The GVS system uses electrodes behind the ear to deliver small electric shocks to the vestibular nerve. These signals are sent to the brain ? essentially tricking it into experiencing the side effects from spaceflight such as dizziness or clumsy motor functions.
"We know that GVS is a good model of how microgravity affects astronauts," Moore said. "What we didn't know is how good of an operational analog GVS is for the effects of spaceflight. We now have a validated, ground-based analog for the effects of spaceflight on neurological function that is not just posture, balance and eye movement."
Shuttle landing simulations
Moore tested the system on 12 volunteers in the Vertical Motion Simulator at NASA's Ames Research Center in Moffett Field, Calif. The subjects included a veteran shuttle commander, NASA test pilots and U.S. Air Force pilots.
Each subject flew 16 simulated shuttle landings, with the pilots experiencing the GVS analog during eight of the simulations. The results of the study were compared with data collected from more than 100 real shuttle landings.
Of the real shuttle landings, one out of every five has been outside what is considered the optimal performance range, in terms of touchdown speed and sink rate, Moore said. Pilots using the system landed at slightly faster speeds than those without, similar to the shuttle pilots in the real landings, he explained.
"Without GVS, they were right on the target ? around 204 knots," Moore said. "With GVS, the average speed was pushed up to about 210 knots, which is at the upper limit of the target range."
The test subjects also experienced GVS-induced problems during a routine landing approach braking maneuver, in which the pilots were required to make big changes in the shuttle's glide angle.
During real shuttle landings, this is the point during approach at which pilots typically experience sensory and motor control issues and increased gravitational forces due to acceleration.

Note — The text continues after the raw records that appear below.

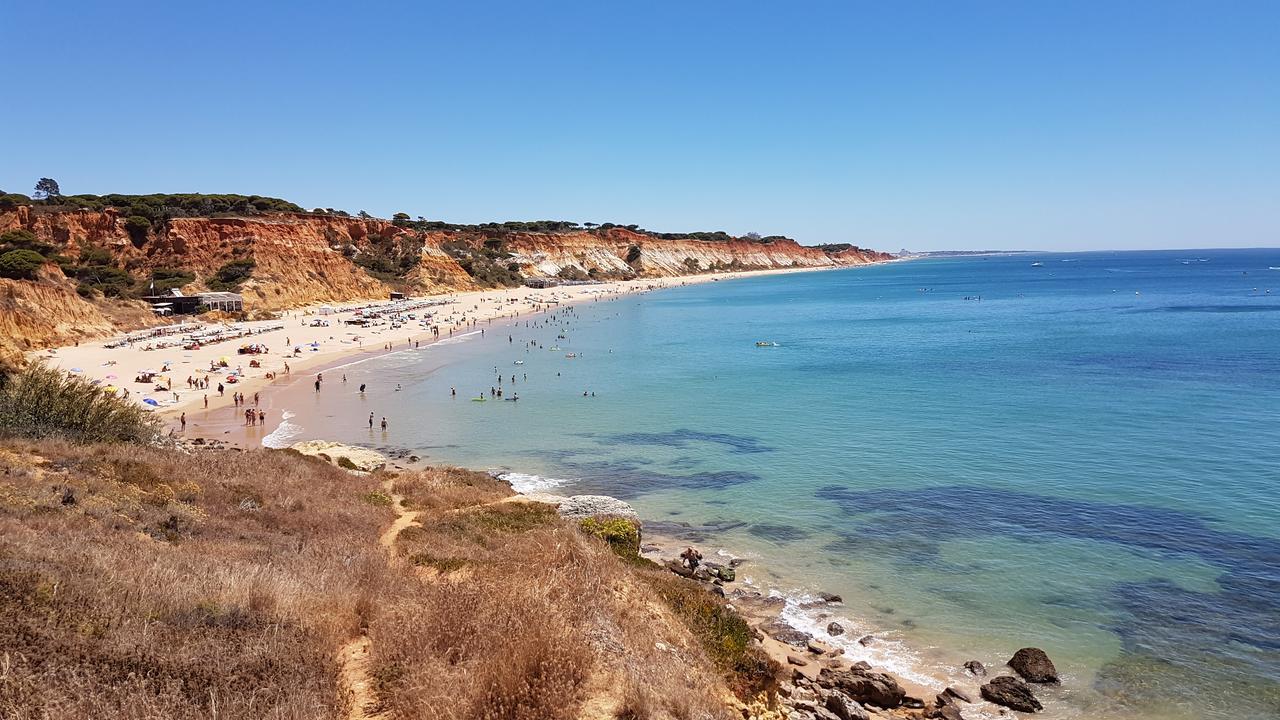 Olhos De Agua Apartment Albufeira II المظهر الخارجي الصورة
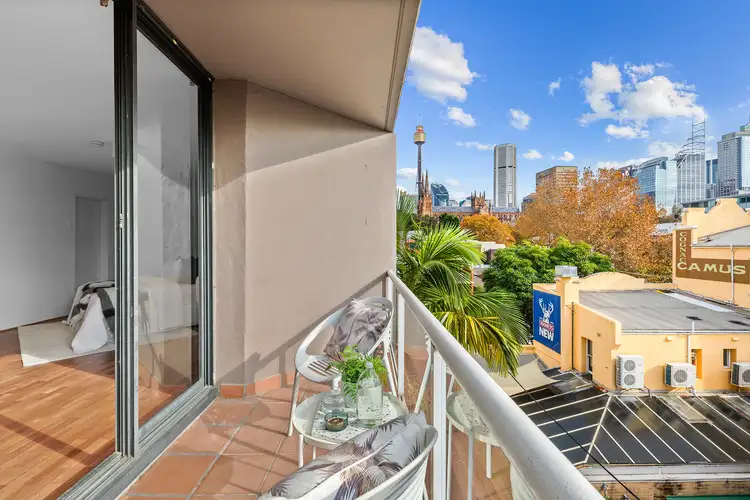 Second view of Homely studio listing, 5/68 Crown Street, Woolloomooloo NSW 2011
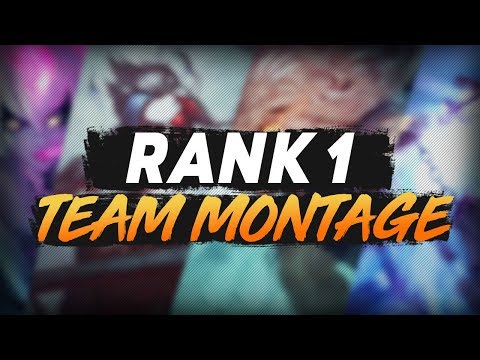 TOPCLASS GAMING | *RANK 1 CHALLENGER* TEAM MONTAGE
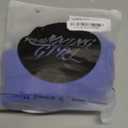 RUNNING GIRL Sports Bras for Women,Padded Strappy Sports Bras Criss-Cross Back Medium Support Sports Bras with Removable Cups (A-bright Blue)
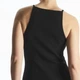 Сукня жіноча COS knitted bodycon mini dress 1142227001 XS Чорний - зображення 3
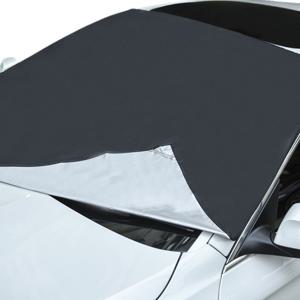 자동차 앞유리 덮개 방수 성에방지커버 차량용 서리방지 눈덮개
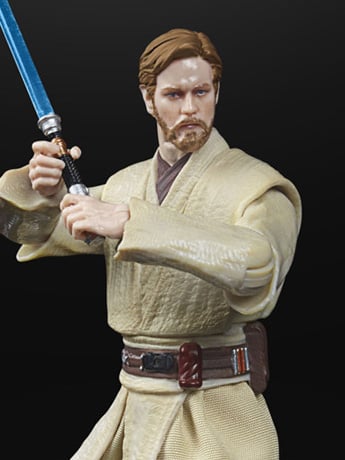 Star Wars: The Black Series Archive Collection Obi-Wan Kenobi (Revenge of the Sith) Gallery Image 2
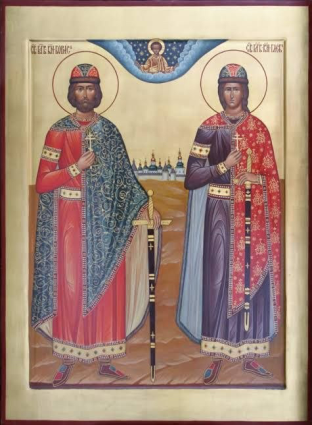Перенесение мощей блгв. князей страстотерпцев Бориса и Глеба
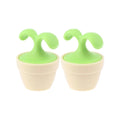 Cervical Lymphatic Ice Massager Cute Potted Plant Roller Ball Eye Soothing Magic Tool Handheld Relaxing Massager Ice Eye Massage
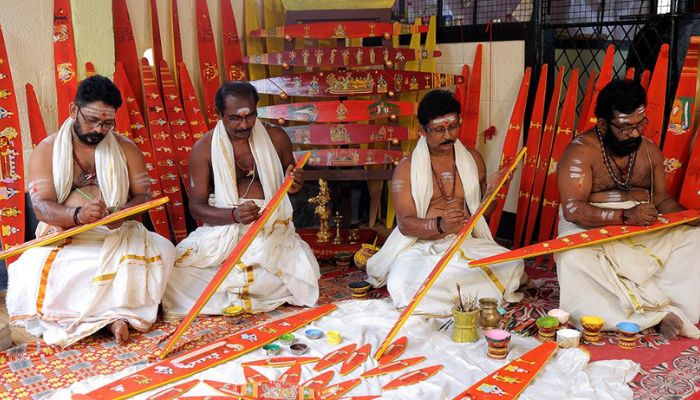 Kerala: Padmanabhaswamy temple to gift Onavillu to Ram Mandir in Ayodhya on the occasion of Pran Pratishtha ceremony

"The GVS stimulation of the nerves is making the simulator pilots think the spacecraft is moving around," Moore said. "We are happy with that result. GVS induced similar decrements in simulator landings to those during actual shuttle landings."
So, even though the research used shuttle landings as the test bed, Moore said the GVS is a viable analog for other space vehicles and operations as well, such as landing on Mars.
The researchers also tested 60 separate subjects to determine their tolerance to the GVS stimulation during 15- to 20-minute sessions.
Over 90 percent of those tested had a high tolerance, and the results showed that GVS stimulation impairs cognitive abilities related to spatial processing. Future research will study whether people have the ability to adapt to the use of GVS over multiple sessions.
And while the GVS system could be a useful tool for training astronauts, it could also be used to train aircraft pilots and to prepare people with vestibular disorders for the effects following surgery.